**Your objective:** Take the entries below and print, exactly, the stretch from the line containing "Ônibus capota na" through the line containing "Baby infant 6-12", both included.

**The data:**
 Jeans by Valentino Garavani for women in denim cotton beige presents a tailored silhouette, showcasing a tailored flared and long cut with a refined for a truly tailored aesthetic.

...

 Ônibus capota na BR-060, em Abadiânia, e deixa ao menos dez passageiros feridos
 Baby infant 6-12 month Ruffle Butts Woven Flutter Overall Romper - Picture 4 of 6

**Answer box:**
 Ônibus capota na BR-060, em Abadiânia, e deixa ao menos dez passageiros feridos
 Baby infant 6-12 month Ruffle Butts Woven Flutter Overall Romper - Picture 4 of 6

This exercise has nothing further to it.